Au début de 2008, La Presse avait révélé des irrégularités dans l'attribution de gigantesques contrats, dans le cadre de ce projet - par exemple, un contrat de plus de 100 millions avait été attribué à une filiale de Bell, seule soumissionnaire après que ses concurrents eurent été éliminés pour des raisons techniques. Par la suite, le vérificateur avait sévèrement blâmé le ministère de Philippe Couillard.

Cet été, après des mois de critiques du vérificateur, le ministre Bolduc a décidé de changer la «gouvernance» du projet. Issus du secteur privé, le consultant André Simard et une demi-douzaine de ses collaborateurs ont été mis sur une voie de garage. Depuis l'été, bon nombre de ces contrats de consultants n'ont pas été renouvelés une fois terminés.

Selon le ministre de la Santé, Yves Bolduc, «le projet va bien... contrairement à la perception». Il contredit le vérificateur général; il était prévu dès le début que le projet pilote serait prolongé. «On se rend compte qu'il y a des retards... j'avais dit 2011, cela peut être à la fin de 2010», précise le ministre.

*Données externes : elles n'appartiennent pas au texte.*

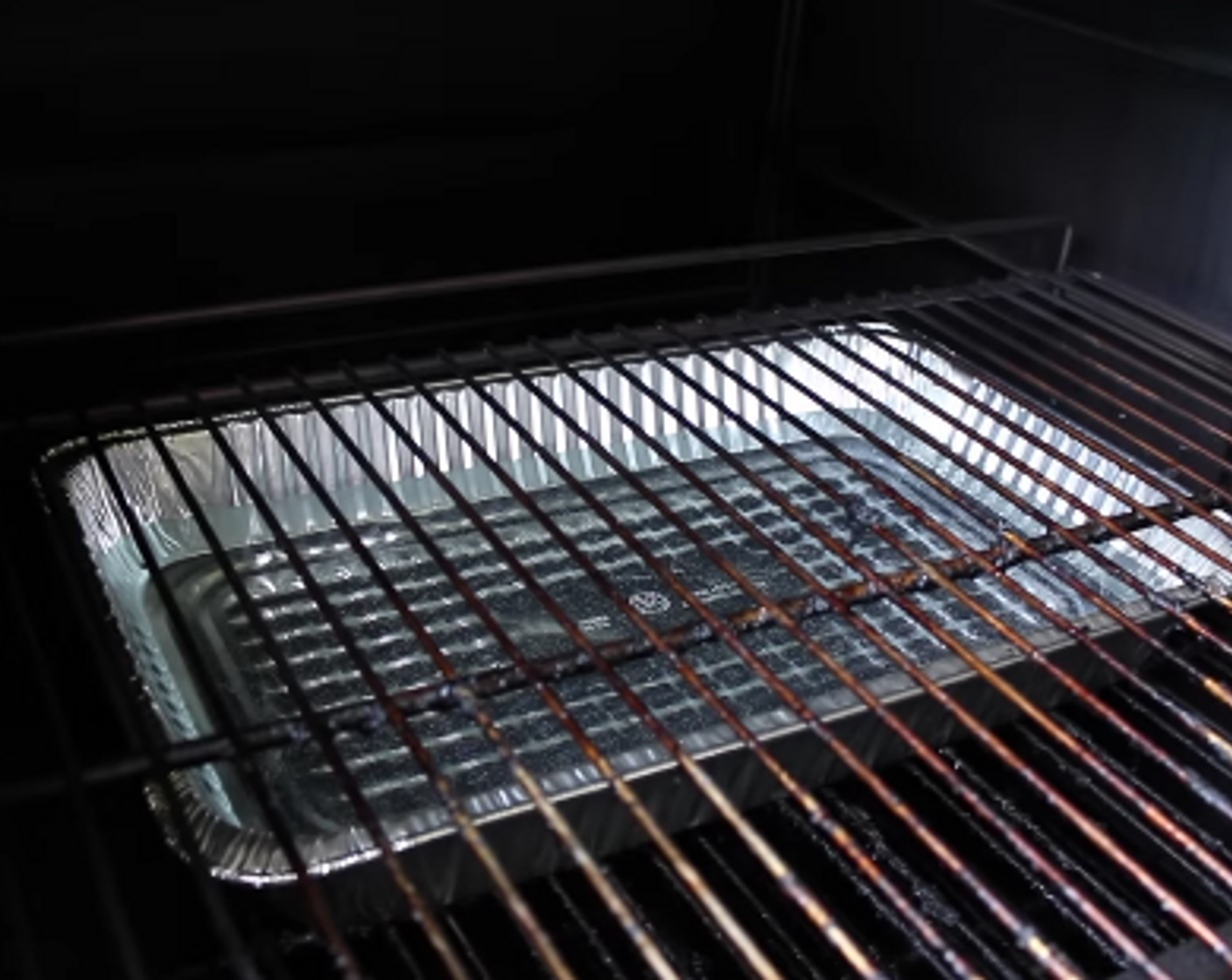 step 3 Place Full Size Aluminum Pan filled half way with water on lower cooking grate. Water Pan should be between cooking grate and heat source for steam.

En commission parlementaire, le sous-ministre avait soutenu que la banque de données serait disponible partout en 2011, mais «selon une géométrie qui pourrait varier selon la région». Pour lui, le niveau de débours d'Ottawa ne témoigne pas de l'avancement du dossier; des débours importants sont à prévoir au moment de la diffusion du logiciel, une opération qui se fera rapidement, explique-t-il.

«On s'en va dans le mur»

Certains des quatre volets ont bien fonctionné, l'informatisation de l'imagerie médicale est avancée. La base de données sur l'utilisation des médicaments est aussi en bonne voie. Devant la commission, mercredi, le sous-ministre Cotton expliquait candidement qu'il était «apparu nécessaire d'inverser l'approche globale» et de présenter plutôt «un portefeuille de projets».

Selon Bernard Drainville, critique péquiste à la Santé, «c'est bien évident que ce projet s'en va direct dans le mur. Bientôt on va parler d'un CHUM informatique». «On nous avait promis une auto fonctionnelle, on se retrouvera avec des pneus et des pièces détachées», résume-t-il. Depuis des mois, M. Drainville soutient que projet va dépasser le milliard, «il n'y a plus d'échéancier précis et, à partir de ce moment, cela devient un bar ouvert», prévient-il. Il salue la décision de «sortir les consultants externes pour reprendre le contrôle du projet».

En entrevue à La Presse, la présidente de l'AQESSS, Lise Denis, a reconnu que tout le réseau était perplexe devant cette aventure. Le DSQ a été lancé essentiellement parce qu'il y avait des fonds fédéraux disponibles, «s'il n'y avait pas eu d'argent fédéral, je ne suis pas certaine qu'on aurait commencé par là. C'est parti d'en haut vers le bas», déplore-t-elle.